GIVEN RECORDS:
= = = =

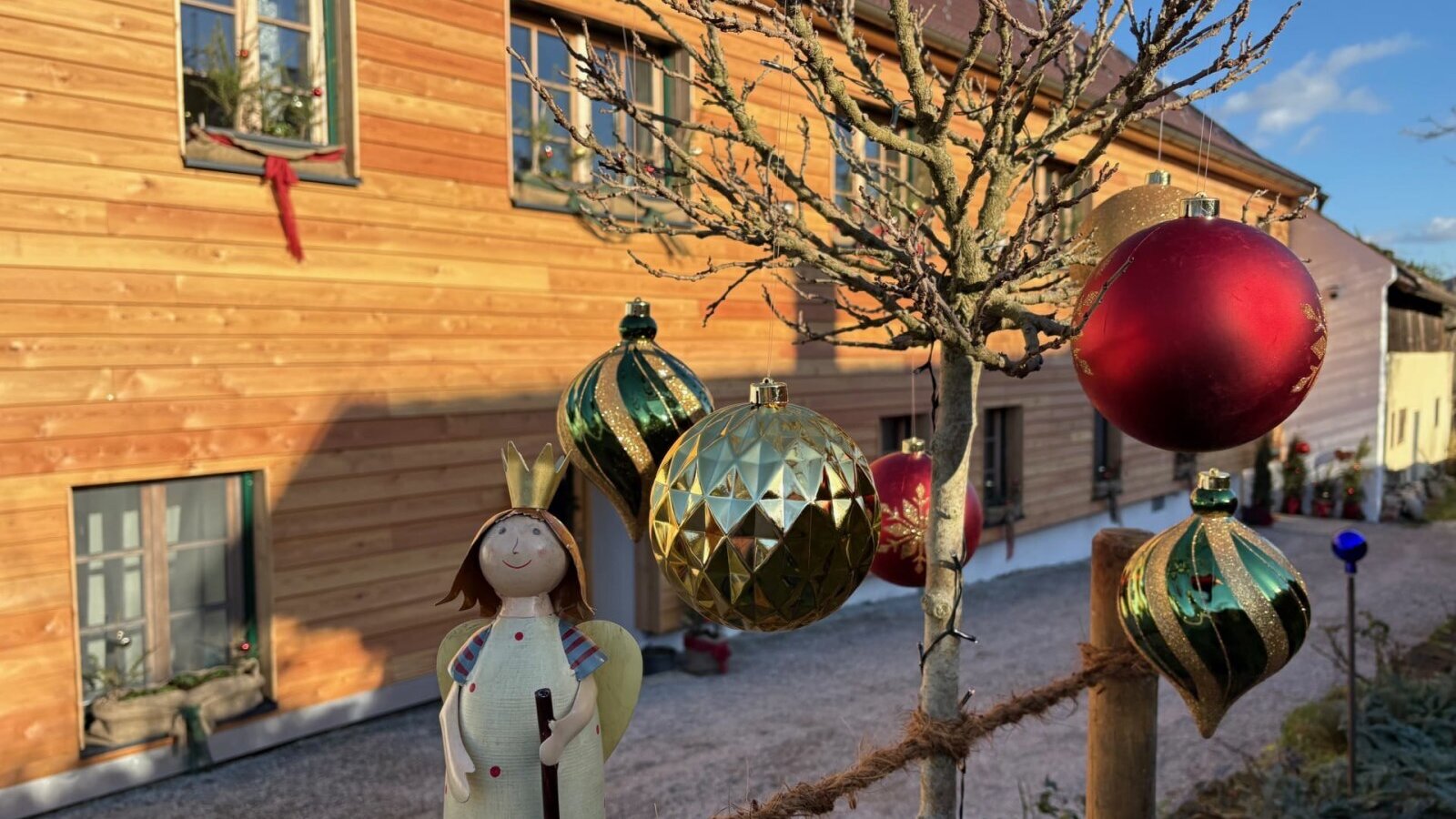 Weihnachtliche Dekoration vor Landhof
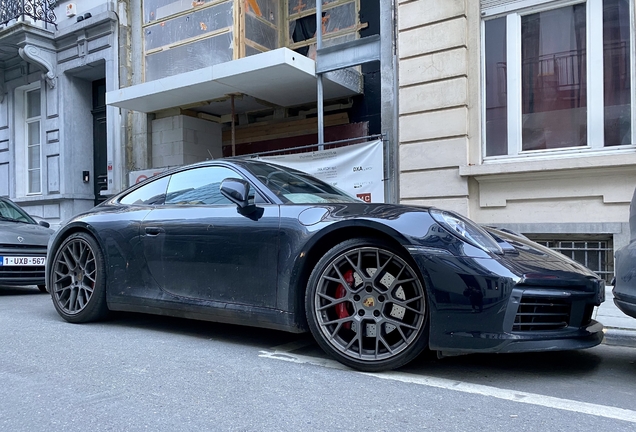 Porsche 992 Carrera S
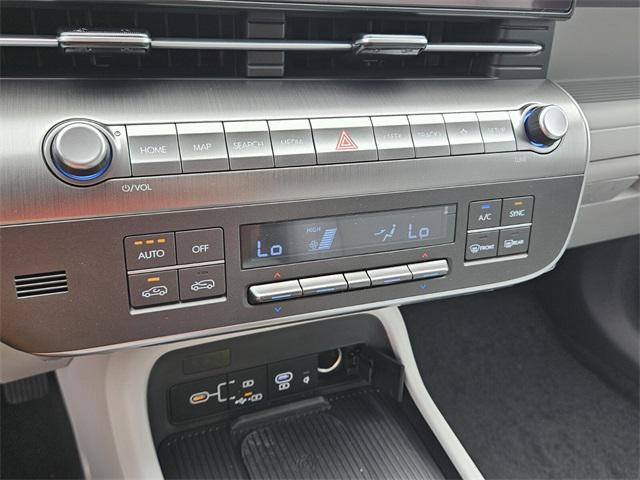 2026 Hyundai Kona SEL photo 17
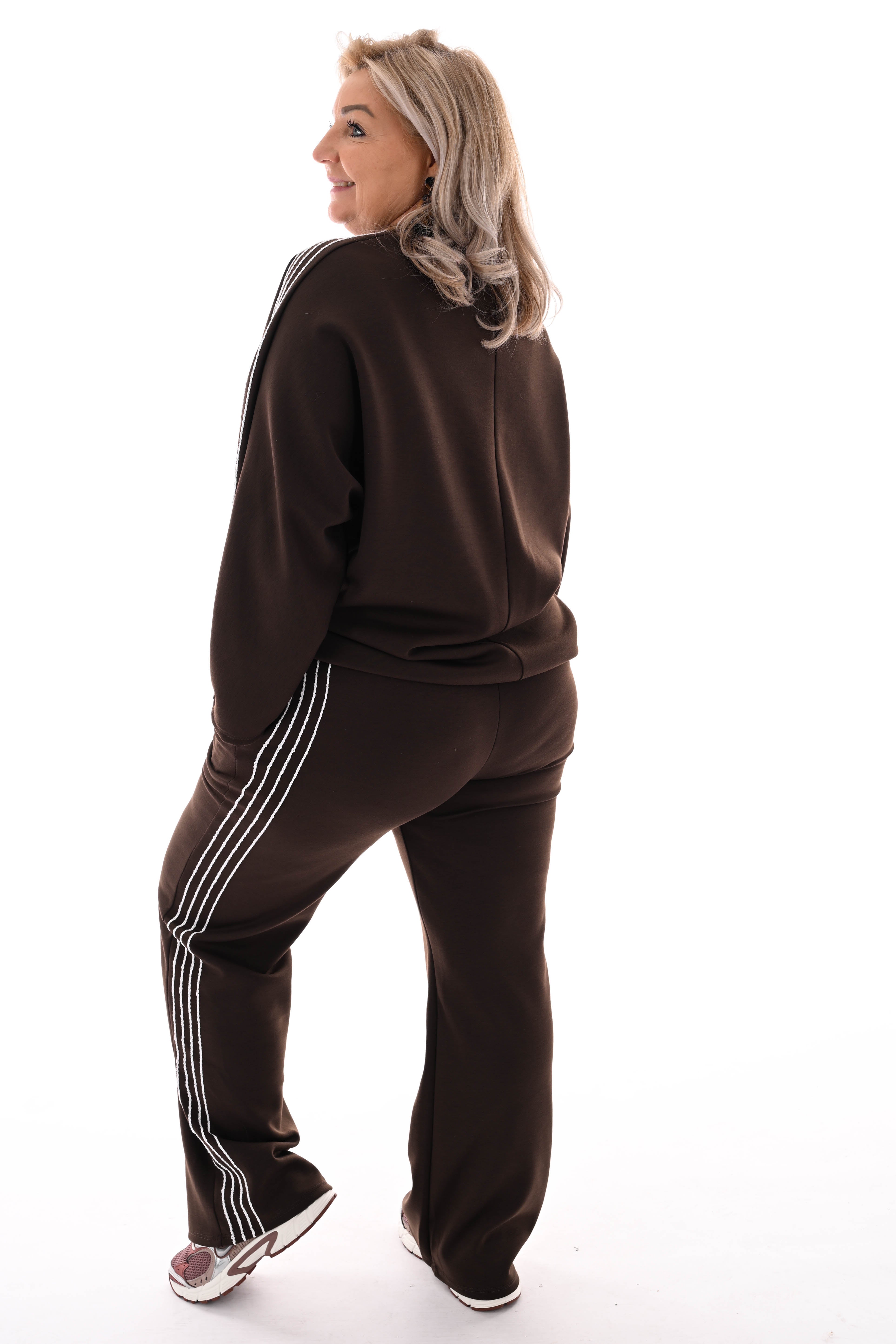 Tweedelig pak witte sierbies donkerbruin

= = = =

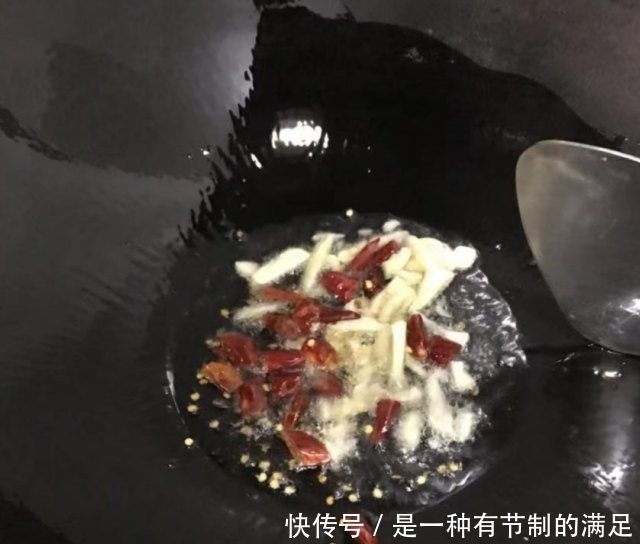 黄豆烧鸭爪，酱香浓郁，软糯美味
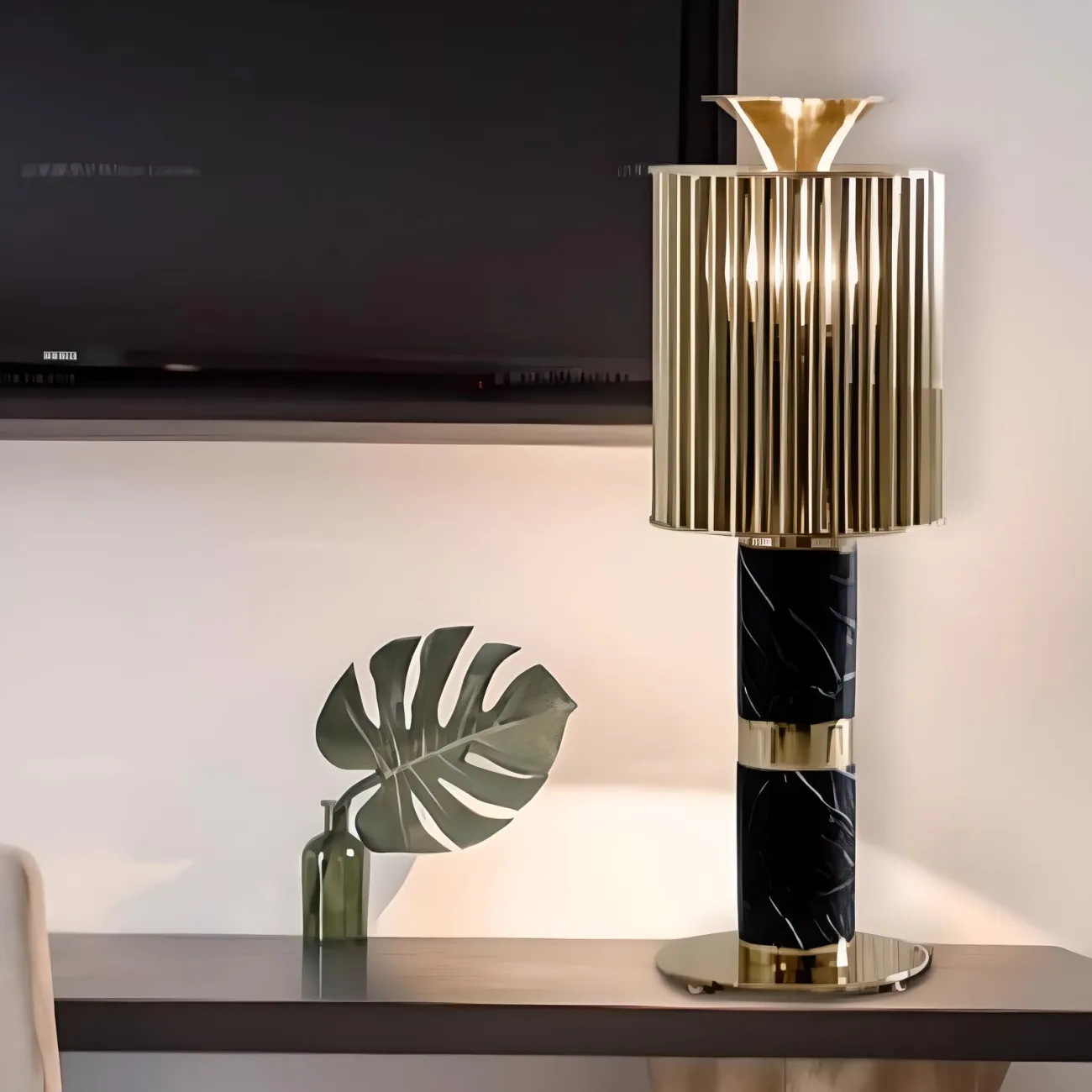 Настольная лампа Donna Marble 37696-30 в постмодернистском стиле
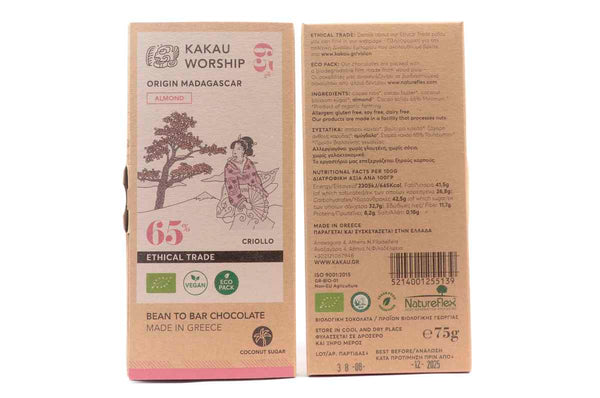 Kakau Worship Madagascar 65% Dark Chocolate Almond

= = = =

The answer should consist only of the lines above from the one with "Настольная лампа Donna" through the one with "Kakau Worship Madagascar", repeated exactly, with no pictures among them.

ANSWER SECTION:
 Настольная лампа Donna Marble 37696-30 в постмодернистском стиле
 Kakau Worship Madagascar 65% Dark Chocolate Almond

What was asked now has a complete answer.